*** Opening of Exercise data ***

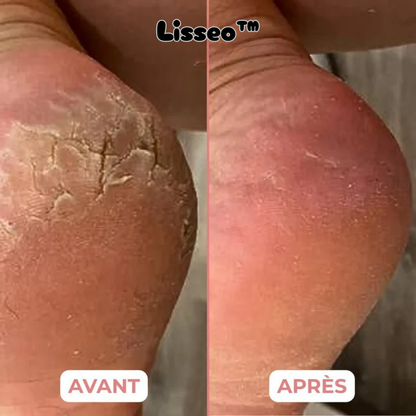 Lisseobalm™ - Baume Hydratant au Miel pour les pieds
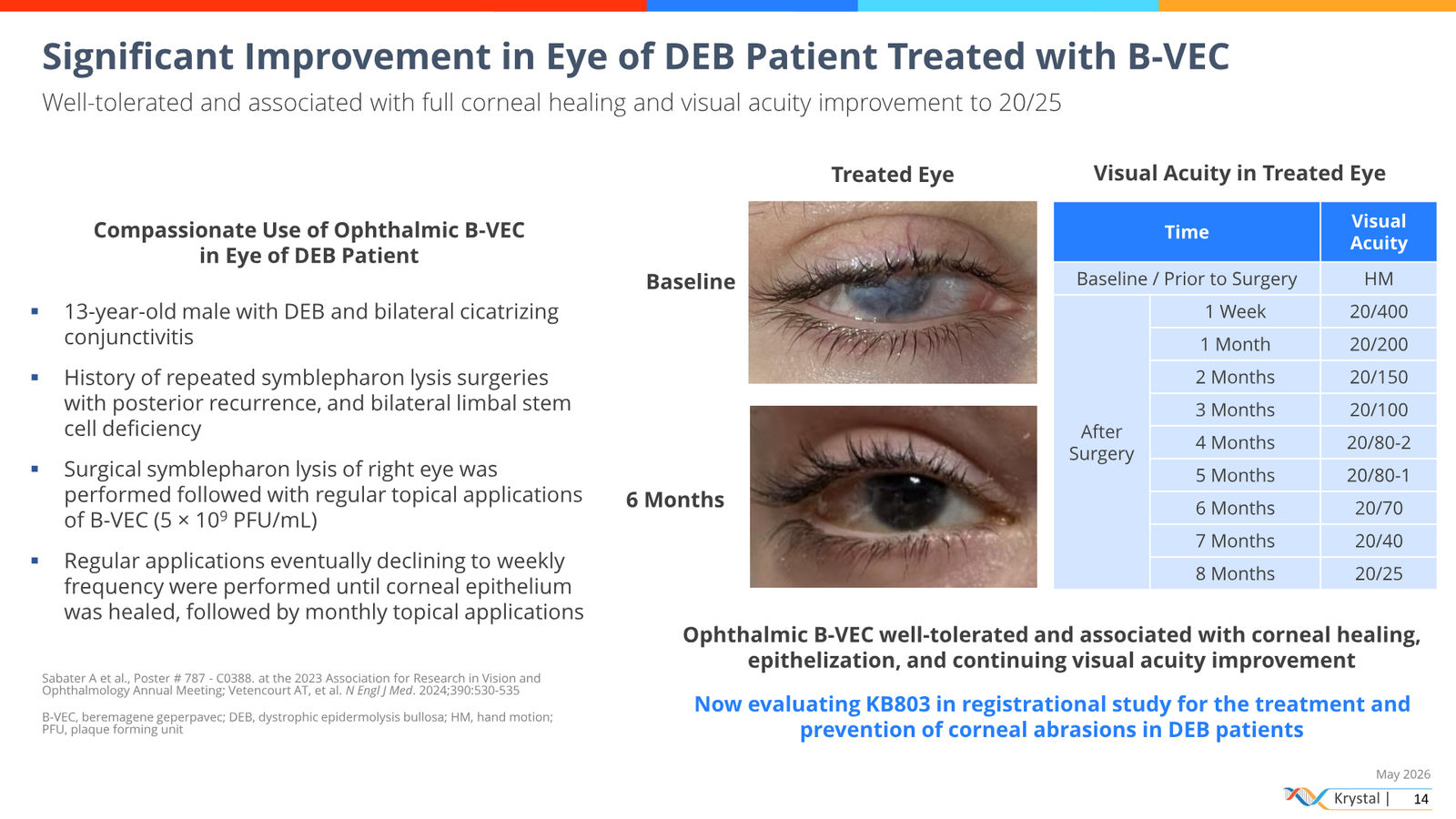 Krystal Biotech Corporate Presentation May 2026 — slide 14 of 51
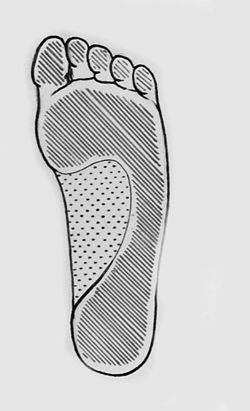 Fig. 1Weight- and nonweight-bearing areas.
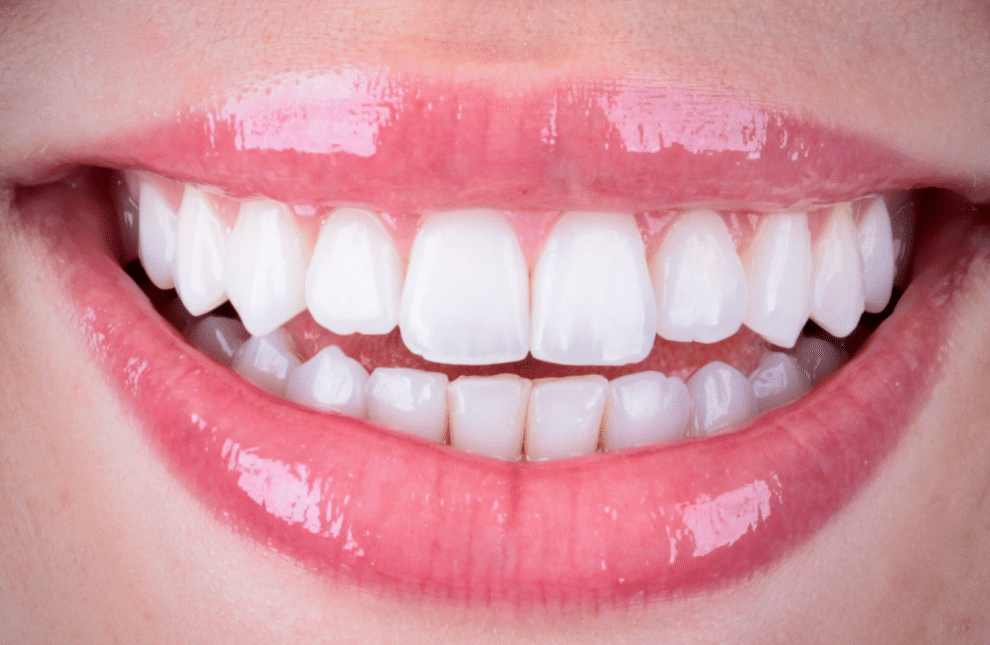 5 causas do amarelamento dos dentes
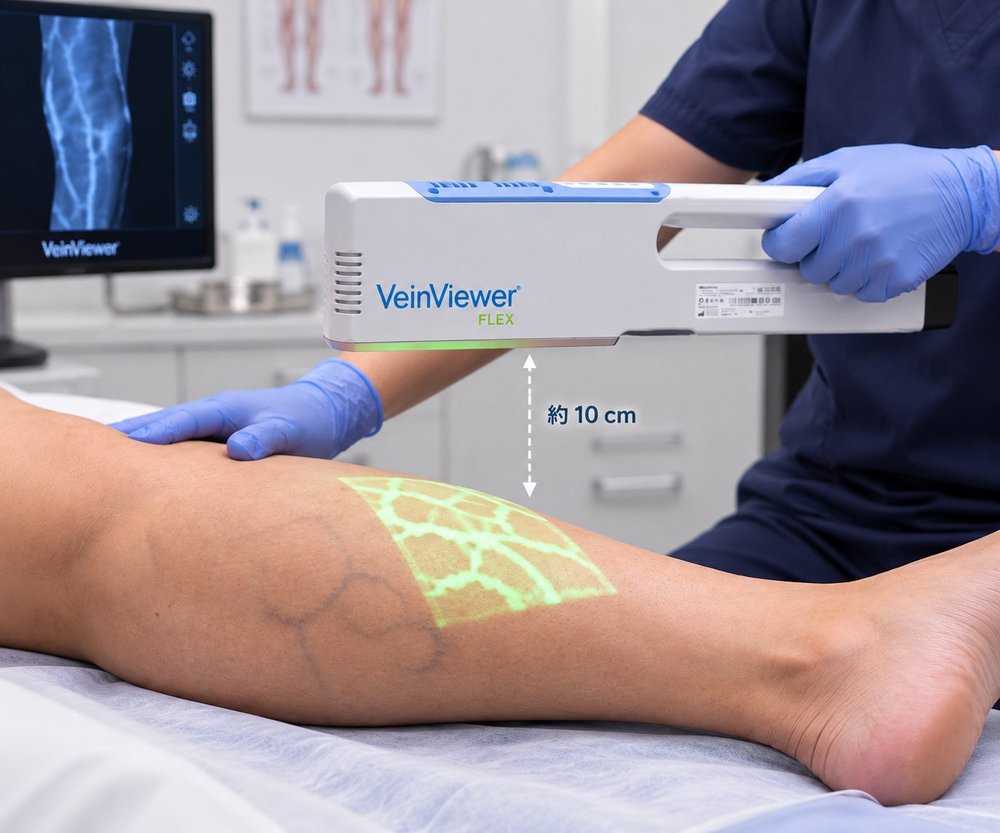 醫護人員手持靜脈顯像儀（VeinViewer FLEX），在距離腿部約10公分處以綠色光學投影顯示小腿皮下靜脈走向，旁邊螢幕同步呈現靜脈影像。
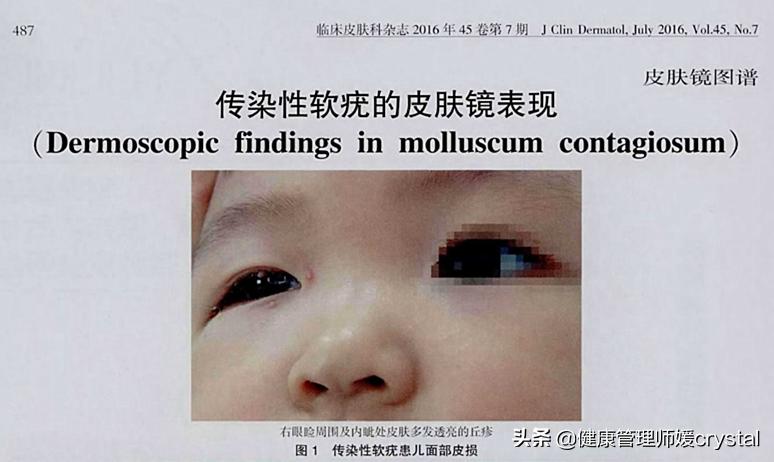 传染性软疣是湿疹吗,传染性软疣湿疹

*** Close of Exercise data ***

Assignment: Each line above has to be returned exactly. Drop the pictures.

Answer for this exercise:
 Lisseobalm™ - Baume Hydratant au Miel pour les pieds
 Krystal Biotech Corporate Presentation May 2026 — slide 14 of 51
 Fig. 1Weight- and nonweight-bearing areas.
 5 causas do amarelamento dos dentes
 醫護人員手持靜脈顯像儀（VeinViewer FLEX），在距離腿部約10公分處以綠色光學投影顯示小腿皮下靜脈走向，旁邊螢幕同步呈現靜脈影像。
 传染性软疣是湿疹吗,传染性软疣湿疹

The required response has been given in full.